Quant au business vert européen qui devait générer des millions d’emplois, c’est un malade en phase terminale. Ses trop faibles rendements économiques (inférieurs à 5 %) ne retiennent les investisseurs qu’à coup de centaines de milliards de subventions publiques. En en continuant de mettre en œuvre à la lettre son morbide Pacte Vert, l’Europe est en train de suicider « sur l’autel de la vertu » ce qui lui reste de son industrie. Ainsi, le secteur automobile, jadis fleuron de l’économie européenne, se saborde lentement mais sûrement avec à la clé la destruction de 13 millions d’emplois. Quant aux grands groupes énergétiques, ils quittent l’un après l’autre le train des renouvelables pour réinvestir massivement dans les énergies fossiles qui fournissent des rendements supérieurs à 15 %. En 2025, les investissements dans le pétrole et le gaz devraient atteindre 1.250 milliards de dollars soit le deuxième plus haut historique après 2015.

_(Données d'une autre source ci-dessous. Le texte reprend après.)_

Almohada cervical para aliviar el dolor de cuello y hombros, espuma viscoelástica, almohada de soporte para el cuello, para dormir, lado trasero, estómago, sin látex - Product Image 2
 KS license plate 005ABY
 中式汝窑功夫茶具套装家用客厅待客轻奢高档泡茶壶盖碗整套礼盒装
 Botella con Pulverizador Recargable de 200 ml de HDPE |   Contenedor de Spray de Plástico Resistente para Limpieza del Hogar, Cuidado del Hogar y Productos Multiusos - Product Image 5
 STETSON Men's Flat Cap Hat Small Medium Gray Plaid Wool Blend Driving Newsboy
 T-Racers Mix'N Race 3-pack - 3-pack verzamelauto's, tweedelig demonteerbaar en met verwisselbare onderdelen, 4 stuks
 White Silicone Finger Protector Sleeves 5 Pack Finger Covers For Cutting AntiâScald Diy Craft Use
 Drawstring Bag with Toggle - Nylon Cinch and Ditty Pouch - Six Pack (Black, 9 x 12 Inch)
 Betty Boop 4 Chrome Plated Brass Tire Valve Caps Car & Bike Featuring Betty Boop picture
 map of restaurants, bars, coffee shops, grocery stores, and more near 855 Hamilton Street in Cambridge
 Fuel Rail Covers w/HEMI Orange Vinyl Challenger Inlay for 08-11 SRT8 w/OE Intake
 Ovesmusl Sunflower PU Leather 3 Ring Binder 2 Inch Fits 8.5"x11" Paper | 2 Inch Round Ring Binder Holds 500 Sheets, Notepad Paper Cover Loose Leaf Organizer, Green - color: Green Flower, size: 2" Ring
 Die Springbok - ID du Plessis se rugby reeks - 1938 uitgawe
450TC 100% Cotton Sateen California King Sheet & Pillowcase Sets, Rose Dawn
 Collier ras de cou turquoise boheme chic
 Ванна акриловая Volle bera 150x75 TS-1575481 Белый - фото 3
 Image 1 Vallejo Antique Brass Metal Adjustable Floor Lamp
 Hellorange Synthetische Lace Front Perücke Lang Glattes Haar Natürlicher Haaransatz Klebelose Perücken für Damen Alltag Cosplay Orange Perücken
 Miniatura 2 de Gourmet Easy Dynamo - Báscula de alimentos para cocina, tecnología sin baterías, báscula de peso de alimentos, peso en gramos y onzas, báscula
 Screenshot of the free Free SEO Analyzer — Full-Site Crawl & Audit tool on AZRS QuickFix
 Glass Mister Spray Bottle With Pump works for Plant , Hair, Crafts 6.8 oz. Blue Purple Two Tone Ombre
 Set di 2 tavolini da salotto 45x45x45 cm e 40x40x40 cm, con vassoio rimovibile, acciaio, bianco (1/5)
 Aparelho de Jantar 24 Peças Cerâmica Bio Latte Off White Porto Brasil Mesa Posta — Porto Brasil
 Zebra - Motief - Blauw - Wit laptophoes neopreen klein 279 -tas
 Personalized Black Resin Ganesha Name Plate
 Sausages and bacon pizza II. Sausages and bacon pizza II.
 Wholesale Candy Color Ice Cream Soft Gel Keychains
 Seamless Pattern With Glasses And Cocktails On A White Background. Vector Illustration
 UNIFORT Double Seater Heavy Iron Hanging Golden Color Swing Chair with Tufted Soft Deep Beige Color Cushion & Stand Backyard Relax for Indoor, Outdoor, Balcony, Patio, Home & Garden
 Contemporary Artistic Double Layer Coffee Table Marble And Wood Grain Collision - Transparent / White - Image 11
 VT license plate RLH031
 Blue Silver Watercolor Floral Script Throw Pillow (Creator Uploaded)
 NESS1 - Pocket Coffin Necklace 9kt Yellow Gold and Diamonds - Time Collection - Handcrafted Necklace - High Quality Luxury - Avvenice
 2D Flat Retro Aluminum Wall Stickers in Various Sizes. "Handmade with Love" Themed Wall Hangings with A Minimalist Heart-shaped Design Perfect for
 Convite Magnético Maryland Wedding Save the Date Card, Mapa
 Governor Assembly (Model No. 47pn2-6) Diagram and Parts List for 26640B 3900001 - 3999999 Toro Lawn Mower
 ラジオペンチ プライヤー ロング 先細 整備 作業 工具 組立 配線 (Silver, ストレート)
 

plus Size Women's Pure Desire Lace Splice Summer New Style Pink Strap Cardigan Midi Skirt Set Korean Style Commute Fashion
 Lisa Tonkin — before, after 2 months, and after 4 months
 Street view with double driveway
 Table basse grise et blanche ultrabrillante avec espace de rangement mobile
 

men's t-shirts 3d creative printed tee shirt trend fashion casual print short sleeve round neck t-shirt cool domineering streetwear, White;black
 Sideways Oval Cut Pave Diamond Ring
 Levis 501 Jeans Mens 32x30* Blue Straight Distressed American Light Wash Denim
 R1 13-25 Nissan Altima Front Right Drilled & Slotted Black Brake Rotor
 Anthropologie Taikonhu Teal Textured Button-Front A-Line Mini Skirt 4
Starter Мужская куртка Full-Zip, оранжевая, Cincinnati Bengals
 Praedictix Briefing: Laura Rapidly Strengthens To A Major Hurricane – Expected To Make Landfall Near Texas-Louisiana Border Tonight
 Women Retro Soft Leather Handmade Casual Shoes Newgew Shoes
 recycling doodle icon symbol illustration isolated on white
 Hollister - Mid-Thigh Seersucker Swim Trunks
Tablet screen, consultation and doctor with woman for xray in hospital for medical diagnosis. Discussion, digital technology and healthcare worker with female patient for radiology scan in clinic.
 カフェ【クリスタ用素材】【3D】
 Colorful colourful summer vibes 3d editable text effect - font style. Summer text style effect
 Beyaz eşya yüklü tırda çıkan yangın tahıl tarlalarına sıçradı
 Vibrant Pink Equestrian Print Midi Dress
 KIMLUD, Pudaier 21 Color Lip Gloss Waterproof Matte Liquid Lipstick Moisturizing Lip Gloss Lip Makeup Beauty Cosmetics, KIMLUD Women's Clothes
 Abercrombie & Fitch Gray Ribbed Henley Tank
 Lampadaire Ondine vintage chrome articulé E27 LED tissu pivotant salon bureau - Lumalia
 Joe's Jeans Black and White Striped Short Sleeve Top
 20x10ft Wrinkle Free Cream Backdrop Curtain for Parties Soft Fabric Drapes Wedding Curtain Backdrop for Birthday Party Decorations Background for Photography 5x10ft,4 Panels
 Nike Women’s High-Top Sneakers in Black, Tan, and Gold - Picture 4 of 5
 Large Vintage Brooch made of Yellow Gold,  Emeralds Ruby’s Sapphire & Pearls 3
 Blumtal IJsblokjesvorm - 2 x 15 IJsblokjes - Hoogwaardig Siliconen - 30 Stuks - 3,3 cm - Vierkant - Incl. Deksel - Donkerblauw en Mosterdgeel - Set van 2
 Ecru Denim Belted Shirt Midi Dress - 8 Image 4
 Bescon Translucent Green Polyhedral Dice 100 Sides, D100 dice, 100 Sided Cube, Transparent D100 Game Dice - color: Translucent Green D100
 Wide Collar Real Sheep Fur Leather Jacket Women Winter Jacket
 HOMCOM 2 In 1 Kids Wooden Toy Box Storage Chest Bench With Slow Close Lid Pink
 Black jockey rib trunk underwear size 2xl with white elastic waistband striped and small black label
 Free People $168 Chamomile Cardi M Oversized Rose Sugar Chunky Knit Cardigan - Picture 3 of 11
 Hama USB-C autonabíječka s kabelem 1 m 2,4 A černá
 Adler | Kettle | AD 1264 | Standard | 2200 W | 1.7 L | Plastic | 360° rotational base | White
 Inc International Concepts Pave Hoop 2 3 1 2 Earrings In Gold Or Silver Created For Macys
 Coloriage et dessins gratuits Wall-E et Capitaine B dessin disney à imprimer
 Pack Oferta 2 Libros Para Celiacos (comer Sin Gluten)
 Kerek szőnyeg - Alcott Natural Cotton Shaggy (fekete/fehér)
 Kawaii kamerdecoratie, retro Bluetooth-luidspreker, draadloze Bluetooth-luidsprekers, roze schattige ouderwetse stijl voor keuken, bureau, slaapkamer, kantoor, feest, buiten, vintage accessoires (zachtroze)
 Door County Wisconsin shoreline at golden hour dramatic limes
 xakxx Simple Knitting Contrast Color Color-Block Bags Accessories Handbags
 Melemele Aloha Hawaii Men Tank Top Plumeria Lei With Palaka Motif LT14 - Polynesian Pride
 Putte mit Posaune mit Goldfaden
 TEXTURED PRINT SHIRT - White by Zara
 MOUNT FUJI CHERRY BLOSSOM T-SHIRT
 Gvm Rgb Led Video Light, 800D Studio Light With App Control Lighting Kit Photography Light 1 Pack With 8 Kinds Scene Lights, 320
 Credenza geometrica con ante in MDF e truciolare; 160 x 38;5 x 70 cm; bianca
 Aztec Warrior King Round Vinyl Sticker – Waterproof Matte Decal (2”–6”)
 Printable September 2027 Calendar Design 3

Empreinte carbone et gaz de schiste

Les émissions territoriales du Vieux Continent qui ont baissé de 30 % depuis 1990 ne sont qu’un trompe-l’œil. Au cours des deux dernières décennies la décarbonation européenne repose surtout sur la délocalisation de l’industrie lourde, alors que les émissions dans le transport et le bâti stagnent. Ainsi, la baisse des émissions 2023 de 5 % dont s’est réjoui le gouvernement sont essentiellement corrélées… aux faillites d’entreprises. Cette délocalisation se lit en filigrane de l’empreinte carbone qui reste quasi constante.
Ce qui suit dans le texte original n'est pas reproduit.